_RECORDS TO PROCESS:_
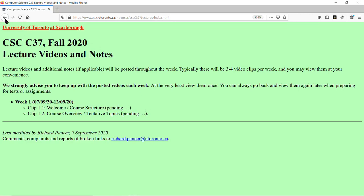Typically there'll be three to four video clips per week, not this week, and the total runtime will be about two lectures' worth — that's the designated lecture time for this course. Usually about 100 to 120 minutes of lectures each week, split into shorter videos of about 30 to 40 minutes each. Three 40-minute videos is sufficient for 120 minutes.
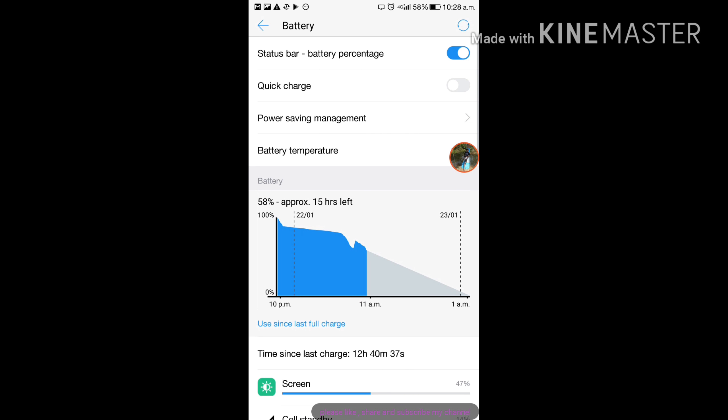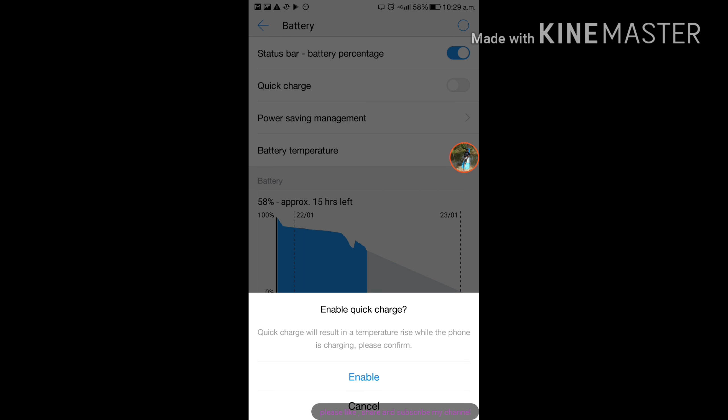You can see the second option, quick charge. Enable quick charge, click enable.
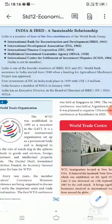Good morning students. Today in 12th economics we are learning lesson 8: International Economic Organizations.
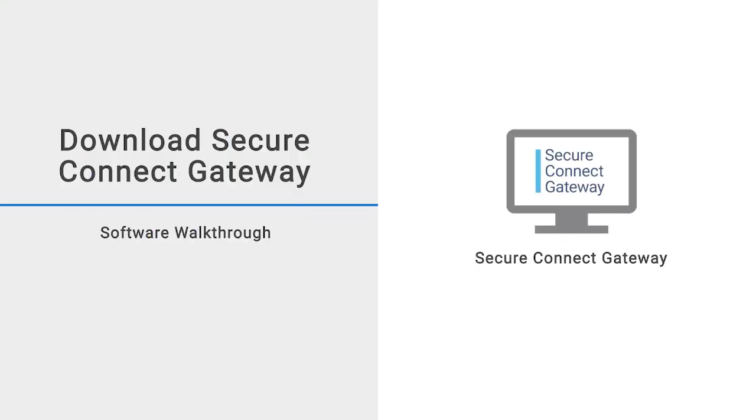In this video, we demonstrate how to download the Secure Connect Gateway Virtual Edition and Application Edition.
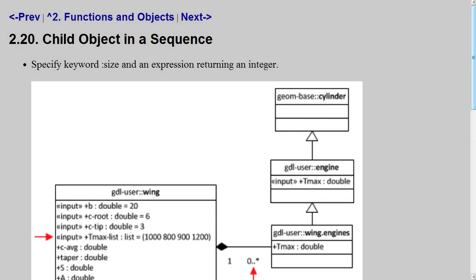In order to make several instances of a child object, typically of the same type, we can specify a sequence for child objects.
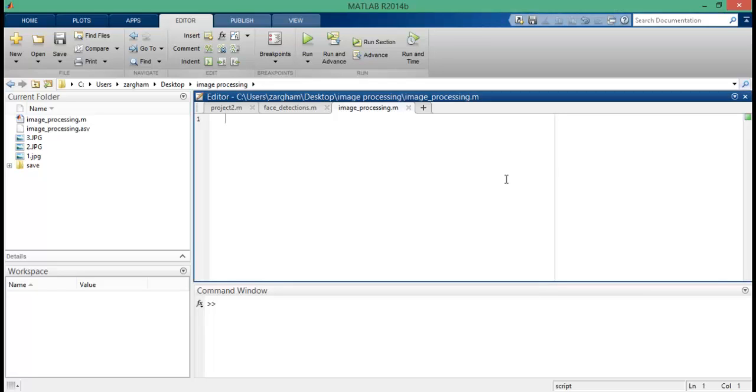Hello guys, welcome to the fourth video tutorial on image processing using MATLAB. In this video tutorial I'm going to talk about how to convert an RGB image into grayscale image and into binary image. To convert an RGB image into grayscale and binary image, first we need to read the images.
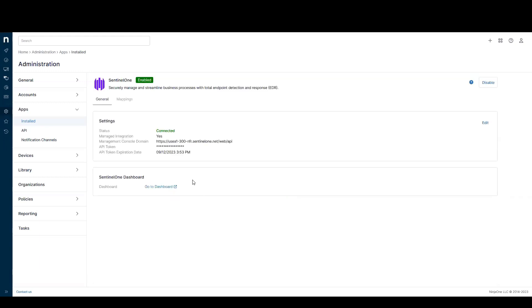To get started, just enable the app, enter your credentials, and you're good to go. You can see right here, we have a one-click link out to the SentinelOne dashboard for quick access.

_WHAT YOU NEED TO DO:_
Give every line above again exactly, omitting whatever pictures appear.

_EXERCISE RESPONSE:_
Typically there'll be three to four video clips per week, not this week, and the total runtime will be about two lectures' worth — that's the designated lecture time for this course. Usually about 100 to 120 minutes of lectures each week, split into shorter videos of about 30 to 40 minutes each. Three 40-minute videos is sufficient for 120 minutes.
You can see the second option, quick charge. Enable quick charge, click enable.
Good morning students. Today in 12th economics we are learning lesson 8: International Economic Organizations.
In this video, we demonstrate how to download the Secure Connect Gateway Virtual Edition and Application Edition.
In order to make several instances of a child object, typically of the same type, we can specify a sequence for child objects.
Hello guys, welcome to the fourth video tutorial on image processing using MATLAB. In this video tutorial I'm going to talk about how to convert an RGB image into grayscale image and into binary image. To convert an RGB image into grayscale and binary image, first we need to read the images.
To get started, just enable the app, enter your credentials, and you're good to go. You can see right here, we have a one-click link out to the SentinelOne dashboard for quick access.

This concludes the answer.